(Extracted data entries)
--- START ---

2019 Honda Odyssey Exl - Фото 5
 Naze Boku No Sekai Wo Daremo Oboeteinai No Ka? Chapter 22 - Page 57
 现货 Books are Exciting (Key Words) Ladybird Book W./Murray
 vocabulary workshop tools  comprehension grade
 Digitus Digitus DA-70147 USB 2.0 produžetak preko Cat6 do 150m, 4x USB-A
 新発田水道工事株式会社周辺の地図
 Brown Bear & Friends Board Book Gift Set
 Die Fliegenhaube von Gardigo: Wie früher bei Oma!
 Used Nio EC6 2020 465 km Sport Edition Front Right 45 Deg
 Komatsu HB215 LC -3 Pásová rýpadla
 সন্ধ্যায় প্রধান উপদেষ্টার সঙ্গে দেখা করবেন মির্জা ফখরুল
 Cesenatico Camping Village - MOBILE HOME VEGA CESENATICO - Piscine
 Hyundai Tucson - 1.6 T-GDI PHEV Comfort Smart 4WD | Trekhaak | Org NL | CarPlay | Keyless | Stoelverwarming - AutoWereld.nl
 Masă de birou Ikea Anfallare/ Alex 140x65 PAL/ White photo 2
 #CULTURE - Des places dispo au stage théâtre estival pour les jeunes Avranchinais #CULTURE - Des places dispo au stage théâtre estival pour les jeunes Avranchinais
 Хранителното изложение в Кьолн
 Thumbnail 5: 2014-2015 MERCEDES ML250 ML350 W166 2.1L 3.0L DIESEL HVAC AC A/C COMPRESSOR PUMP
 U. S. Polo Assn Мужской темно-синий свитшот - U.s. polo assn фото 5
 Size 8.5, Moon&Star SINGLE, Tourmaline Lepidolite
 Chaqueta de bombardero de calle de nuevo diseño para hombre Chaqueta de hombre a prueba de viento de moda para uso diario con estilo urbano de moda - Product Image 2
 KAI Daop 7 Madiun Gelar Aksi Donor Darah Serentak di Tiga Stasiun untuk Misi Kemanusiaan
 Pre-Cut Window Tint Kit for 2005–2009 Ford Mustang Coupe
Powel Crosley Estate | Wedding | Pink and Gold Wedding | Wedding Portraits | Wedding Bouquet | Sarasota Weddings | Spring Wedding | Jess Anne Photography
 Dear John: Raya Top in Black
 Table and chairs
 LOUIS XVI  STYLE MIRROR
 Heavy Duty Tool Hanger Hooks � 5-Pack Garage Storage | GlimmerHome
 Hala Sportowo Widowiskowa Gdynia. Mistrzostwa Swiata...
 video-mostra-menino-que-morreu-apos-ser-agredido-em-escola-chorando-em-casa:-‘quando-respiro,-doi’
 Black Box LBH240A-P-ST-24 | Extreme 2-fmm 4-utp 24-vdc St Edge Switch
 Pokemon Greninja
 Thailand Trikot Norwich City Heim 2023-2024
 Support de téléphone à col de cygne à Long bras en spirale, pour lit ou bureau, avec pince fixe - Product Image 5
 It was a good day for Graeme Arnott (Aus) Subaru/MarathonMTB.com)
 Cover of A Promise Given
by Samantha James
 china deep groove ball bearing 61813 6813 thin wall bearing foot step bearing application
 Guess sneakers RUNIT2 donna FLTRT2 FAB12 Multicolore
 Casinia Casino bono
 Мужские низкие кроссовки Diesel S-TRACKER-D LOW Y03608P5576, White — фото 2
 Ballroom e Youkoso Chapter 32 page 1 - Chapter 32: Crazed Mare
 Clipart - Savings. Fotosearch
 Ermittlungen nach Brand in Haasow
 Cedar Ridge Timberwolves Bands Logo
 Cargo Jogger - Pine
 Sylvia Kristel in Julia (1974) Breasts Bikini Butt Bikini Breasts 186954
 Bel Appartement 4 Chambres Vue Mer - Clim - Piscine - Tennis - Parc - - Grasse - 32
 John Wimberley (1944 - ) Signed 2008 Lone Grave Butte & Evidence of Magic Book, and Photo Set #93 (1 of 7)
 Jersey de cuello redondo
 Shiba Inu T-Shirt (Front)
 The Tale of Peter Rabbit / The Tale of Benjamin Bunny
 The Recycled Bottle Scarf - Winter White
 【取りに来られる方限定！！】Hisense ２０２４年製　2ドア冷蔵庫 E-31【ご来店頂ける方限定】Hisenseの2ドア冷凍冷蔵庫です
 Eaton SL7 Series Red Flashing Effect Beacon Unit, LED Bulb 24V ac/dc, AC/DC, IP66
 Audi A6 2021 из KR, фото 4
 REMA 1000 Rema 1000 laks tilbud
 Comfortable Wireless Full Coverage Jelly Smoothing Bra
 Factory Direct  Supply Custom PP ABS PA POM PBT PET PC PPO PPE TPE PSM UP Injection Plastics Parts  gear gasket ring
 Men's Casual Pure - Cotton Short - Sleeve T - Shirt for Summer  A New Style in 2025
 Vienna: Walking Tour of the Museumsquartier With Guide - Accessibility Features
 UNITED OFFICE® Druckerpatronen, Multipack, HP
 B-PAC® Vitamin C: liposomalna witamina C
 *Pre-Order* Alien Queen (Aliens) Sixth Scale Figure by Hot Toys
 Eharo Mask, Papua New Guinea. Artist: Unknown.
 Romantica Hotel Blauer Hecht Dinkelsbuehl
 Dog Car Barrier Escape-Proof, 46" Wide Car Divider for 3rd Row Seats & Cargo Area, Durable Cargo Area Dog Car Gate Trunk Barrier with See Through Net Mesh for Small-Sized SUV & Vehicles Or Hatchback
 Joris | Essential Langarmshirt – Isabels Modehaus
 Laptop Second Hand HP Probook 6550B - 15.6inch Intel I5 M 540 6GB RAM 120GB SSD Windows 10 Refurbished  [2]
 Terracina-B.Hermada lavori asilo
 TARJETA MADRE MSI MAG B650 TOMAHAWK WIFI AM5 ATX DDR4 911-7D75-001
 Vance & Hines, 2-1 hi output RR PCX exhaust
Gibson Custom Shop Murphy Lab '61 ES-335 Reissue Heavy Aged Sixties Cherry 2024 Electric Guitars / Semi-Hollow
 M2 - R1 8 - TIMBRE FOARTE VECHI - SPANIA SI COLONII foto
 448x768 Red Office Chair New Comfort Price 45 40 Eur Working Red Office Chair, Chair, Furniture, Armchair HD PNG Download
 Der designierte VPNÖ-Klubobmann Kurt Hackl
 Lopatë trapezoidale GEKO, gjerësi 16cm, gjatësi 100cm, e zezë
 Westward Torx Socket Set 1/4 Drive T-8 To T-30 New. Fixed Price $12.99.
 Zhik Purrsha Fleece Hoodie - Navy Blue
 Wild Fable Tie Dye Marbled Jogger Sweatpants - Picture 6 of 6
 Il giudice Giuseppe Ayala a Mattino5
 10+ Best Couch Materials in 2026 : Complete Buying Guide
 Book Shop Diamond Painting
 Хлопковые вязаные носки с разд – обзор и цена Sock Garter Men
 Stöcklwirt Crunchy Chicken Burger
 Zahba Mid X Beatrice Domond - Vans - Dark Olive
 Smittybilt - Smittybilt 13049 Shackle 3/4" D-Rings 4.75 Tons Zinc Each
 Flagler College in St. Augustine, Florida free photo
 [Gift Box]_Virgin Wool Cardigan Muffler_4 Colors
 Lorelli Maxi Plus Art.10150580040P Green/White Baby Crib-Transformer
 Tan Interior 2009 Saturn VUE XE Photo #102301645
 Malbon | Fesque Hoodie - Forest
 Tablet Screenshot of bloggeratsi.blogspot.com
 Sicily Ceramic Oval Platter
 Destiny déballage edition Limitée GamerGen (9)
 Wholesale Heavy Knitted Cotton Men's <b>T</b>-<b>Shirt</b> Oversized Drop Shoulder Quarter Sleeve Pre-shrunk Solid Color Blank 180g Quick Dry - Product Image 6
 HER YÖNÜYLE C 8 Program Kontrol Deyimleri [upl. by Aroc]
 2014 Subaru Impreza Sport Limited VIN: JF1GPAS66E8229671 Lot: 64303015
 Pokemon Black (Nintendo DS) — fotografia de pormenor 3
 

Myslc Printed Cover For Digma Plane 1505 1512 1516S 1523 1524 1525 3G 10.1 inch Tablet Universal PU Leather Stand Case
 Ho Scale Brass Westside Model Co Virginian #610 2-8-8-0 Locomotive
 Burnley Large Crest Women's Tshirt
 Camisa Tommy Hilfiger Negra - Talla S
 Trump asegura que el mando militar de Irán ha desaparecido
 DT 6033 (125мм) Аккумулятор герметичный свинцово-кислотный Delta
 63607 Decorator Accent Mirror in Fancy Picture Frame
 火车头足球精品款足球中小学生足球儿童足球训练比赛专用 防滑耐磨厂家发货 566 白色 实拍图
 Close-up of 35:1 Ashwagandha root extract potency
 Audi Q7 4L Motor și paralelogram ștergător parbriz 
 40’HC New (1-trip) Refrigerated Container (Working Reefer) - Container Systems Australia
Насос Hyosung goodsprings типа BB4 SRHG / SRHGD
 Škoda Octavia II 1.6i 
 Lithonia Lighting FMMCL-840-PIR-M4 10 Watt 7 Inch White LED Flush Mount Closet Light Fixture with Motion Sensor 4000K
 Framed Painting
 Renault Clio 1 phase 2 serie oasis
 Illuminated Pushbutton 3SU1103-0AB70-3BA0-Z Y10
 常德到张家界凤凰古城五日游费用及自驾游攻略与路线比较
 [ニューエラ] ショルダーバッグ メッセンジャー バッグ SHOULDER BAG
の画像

--- END ---

**Task item:** Track down all lines above with the string "Chapter" and copy them.

**Reply to the exercise:**
 Naze Boku No Sekai Wo Daremo Oboeteinai No Ka? Chapter 22 - Page 57
 Ballroom e Youkoso Chapter 32 page 1 - Chapter 32: Crazed Mare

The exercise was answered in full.